"""

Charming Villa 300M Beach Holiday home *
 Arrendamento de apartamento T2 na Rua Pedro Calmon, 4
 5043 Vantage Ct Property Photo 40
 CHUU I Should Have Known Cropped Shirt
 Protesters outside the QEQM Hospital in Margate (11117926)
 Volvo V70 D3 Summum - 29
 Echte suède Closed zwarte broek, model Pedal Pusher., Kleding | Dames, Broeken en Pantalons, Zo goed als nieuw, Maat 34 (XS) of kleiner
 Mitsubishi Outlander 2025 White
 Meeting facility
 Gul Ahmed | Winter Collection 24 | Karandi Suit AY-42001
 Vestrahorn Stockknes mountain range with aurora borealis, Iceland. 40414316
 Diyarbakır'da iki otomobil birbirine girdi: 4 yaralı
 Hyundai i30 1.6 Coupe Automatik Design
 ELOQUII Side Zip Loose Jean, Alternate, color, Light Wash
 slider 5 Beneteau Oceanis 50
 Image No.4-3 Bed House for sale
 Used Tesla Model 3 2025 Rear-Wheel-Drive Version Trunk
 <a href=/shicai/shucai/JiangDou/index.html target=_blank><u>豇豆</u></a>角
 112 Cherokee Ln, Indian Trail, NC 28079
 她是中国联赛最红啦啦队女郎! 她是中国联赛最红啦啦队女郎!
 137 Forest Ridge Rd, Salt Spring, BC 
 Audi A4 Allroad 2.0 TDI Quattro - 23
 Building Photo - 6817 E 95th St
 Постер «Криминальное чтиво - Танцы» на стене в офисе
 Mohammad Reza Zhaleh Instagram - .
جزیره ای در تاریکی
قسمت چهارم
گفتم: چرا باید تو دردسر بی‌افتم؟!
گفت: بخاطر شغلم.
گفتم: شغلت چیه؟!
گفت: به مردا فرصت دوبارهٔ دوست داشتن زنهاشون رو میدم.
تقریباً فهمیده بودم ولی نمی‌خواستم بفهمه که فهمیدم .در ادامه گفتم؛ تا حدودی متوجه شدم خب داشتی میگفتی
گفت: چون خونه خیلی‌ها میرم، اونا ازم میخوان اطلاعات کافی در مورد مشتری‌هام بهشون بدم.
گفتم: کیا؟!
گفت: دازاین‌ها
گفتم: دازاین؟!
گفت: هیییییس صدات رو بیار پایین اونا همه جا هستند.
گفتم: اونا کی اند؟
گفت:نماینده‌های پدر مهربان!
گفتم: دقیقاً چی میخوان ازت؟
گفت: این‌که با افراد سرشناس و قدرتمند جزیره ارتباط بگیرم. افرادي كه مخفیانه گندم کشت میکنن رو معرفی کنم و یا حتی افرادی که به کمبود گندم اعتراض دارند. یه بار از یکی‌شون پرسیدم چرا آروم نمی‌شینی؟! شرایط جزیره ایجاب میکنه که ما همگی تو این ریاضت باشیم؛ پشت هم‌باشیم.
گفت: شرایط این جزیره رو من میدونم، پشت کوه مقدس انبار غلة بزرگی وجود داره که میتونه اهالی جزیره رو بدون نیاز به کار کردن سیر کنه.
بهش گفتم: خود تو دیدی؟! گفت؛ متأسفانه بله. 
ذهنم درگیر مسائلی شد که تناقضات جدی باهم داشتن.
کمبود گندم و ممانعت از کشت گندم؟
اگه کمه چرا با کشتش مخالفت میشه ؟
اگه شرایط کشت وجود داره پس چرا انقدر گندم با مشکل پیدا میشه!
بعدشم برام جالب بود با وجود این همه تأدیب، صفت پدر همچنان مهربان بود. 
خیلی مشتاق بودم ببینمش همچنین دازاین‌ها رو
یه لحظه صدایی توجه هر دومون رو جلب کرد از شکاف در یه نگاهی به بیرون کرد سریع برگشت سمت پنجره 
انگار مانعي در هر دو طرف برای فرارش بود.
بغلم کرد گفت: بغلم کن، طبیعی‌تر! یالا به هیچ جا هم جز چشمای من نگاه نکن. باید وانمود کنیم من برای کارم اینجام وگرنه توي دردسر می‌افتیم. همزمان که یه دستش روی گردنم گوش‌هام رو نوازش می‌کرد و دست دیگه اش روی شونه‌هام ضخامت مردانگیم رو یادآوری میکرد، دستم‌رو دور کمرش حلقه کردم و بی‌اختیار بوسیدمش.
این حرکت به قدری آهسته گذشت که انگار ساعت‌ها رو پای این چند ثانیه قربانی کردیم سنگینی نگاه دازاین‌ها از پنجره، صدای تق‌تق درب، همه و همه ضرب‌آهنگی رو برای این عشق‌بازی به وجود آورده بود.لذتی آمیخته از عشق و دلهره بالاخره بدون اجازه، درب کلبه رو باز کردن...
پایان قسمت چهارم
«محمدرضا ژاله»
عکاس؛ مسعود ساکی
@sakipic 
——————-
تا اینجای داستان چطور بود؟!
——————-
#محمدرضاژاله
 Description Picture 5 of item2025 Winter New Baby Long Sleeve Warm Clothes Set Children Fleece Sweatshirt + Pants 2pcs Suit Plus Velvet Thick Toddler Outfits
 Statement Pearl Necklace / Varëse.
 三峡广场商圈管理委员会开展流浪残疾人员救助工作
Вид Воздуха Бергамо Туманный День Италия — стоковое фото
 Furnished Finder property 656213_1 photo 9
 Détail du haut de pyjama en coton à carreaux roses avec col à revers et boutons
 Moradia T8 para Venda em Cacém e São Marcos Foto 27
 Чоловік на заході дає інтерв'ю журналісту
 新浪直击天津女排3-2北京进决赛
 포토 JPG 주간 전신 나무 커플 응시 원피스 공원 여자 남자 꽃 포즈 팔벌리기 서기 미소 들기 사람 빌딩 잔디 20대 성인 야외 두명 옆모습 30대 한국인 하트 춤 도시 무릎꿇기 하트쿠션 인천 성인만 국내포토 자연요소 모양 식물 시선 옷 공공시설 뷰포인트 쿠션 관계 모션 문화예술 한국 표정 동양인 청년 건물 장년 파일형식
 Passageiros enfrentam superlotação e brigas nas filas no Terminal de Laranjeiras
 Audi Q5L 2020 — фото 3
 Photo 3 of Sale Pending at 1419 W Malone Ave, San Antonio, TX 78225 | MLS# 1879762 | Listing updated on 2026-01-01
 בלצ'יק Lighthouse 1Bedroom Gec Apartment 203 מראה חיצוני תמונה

"""

PROBLEM TO WORK ON: Scan the entries above for the line containing "Furnished Finder property 656213_1 photo 9", and copy it and all lines after it exactly, down to and including the line containing "新浪直击天津女排3-2北京进决赛".

RESULT OF THE EXERCISE:
 Furnished Finder property 656213_1 photo 9
 Détail du haut de pyjama en coton à carreaux roses avec col à revers et boutons
 Moradia T8 para Venda em Cacém e São Marcos Foto 27
 Чоловік на заході дає інтерв'ю журналісту
 新浪直击天津女排3-2北京进决赛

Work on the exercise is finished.